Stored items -
■ ■ ■ ■ ■ ■ ■

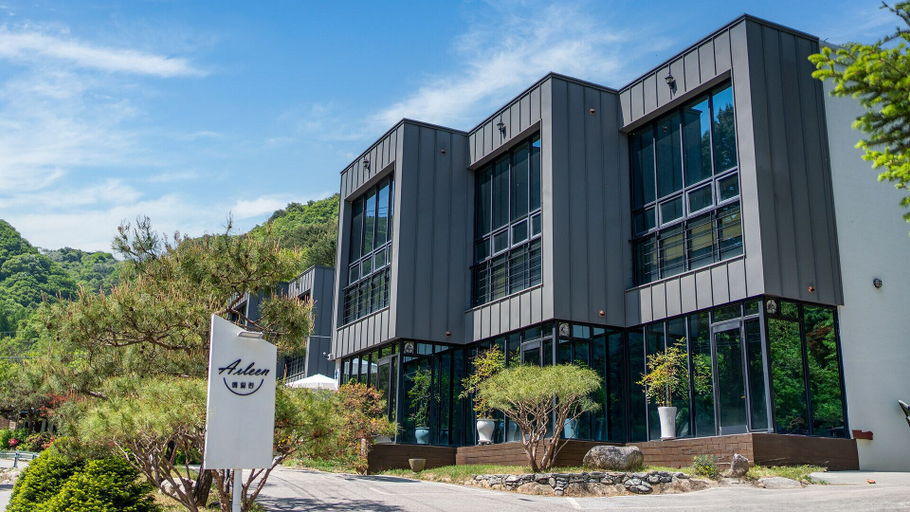 Exterior & Views, Gapyeong Aileen Pension, Gapyeong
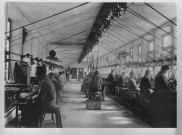 39MDT526 - Vue d'un atelier mécanique (usine non identifiée) : négatif (noir et blanc).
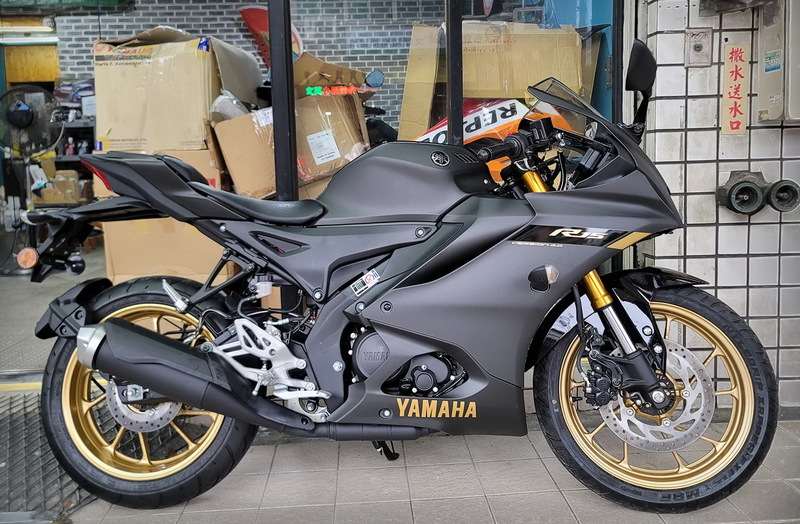 YAMAHA YZF-R15新車出售中  V4【勝大重機】2023 YAMAHA YZF-R15 V4 闇夜黑 全新車售價$12.8萬 | 勝大重機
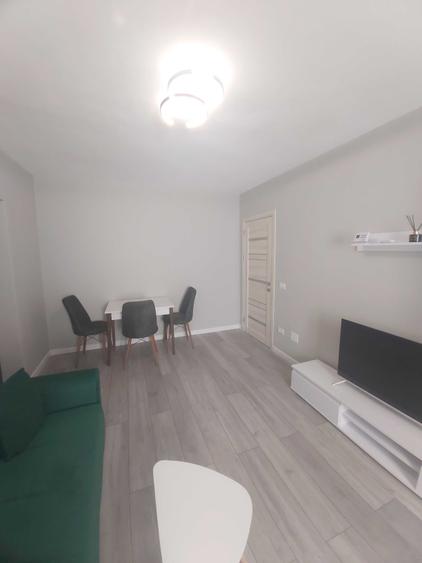 Inchiriez apartament 2 camere - 4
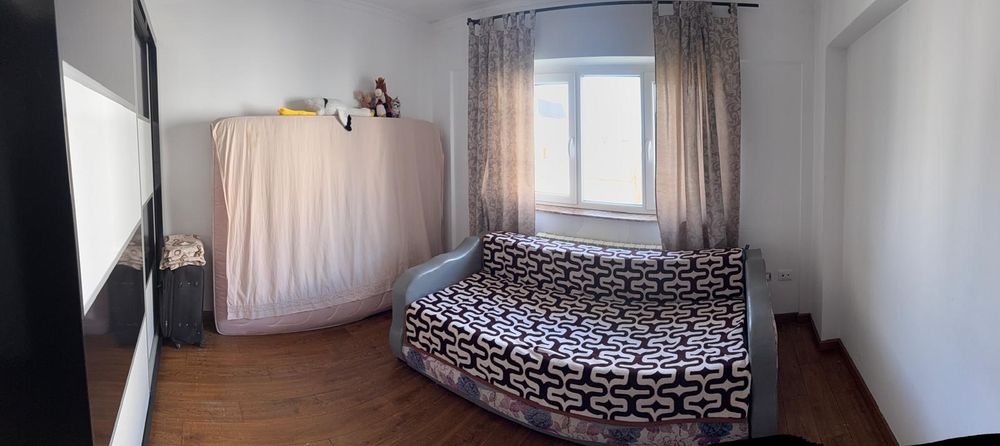 Vând Apartament 3 Camere, 65 mp, etaj 2 Str.  Salcâmului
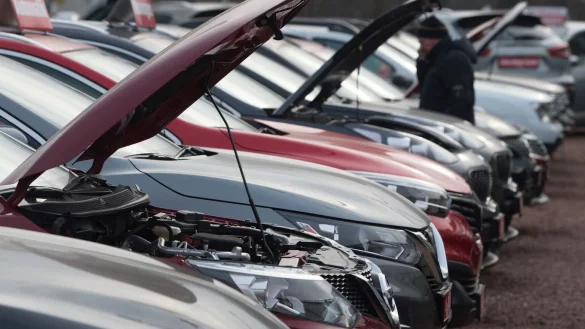 Autokauf - &copy; Foto: Sebastian Kahnert/dpa-Zentralbild/dpa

■ ■ ■ ■ ■ ■ ■

Exercise directions -
Your answer must be an exact transcription of the records above, minus the pictures.

Task result -
 Exterior & Views, Gapyeong Aileen Pension, Gapyeong
 39MDT526 - Vue d'un atelier mécanique (usine non identifiée) : négatif (noir et blanc).
 YAMAHA YZF-R15新車出售中  V4【勝大重機】2023 YAMAHA YZF-R15 V4 闇夜黑 全新車售價$12.8萬 | 勝大重機
 Inchiriez apartament 2 camere - 4
 Vând Apartament 3 Camere, 65 mp, etaj 2 Str.  Salcâmului
 Autokauf - &copy; Foto: Sebastian Kahnert/dpa-Zentralbild/dpa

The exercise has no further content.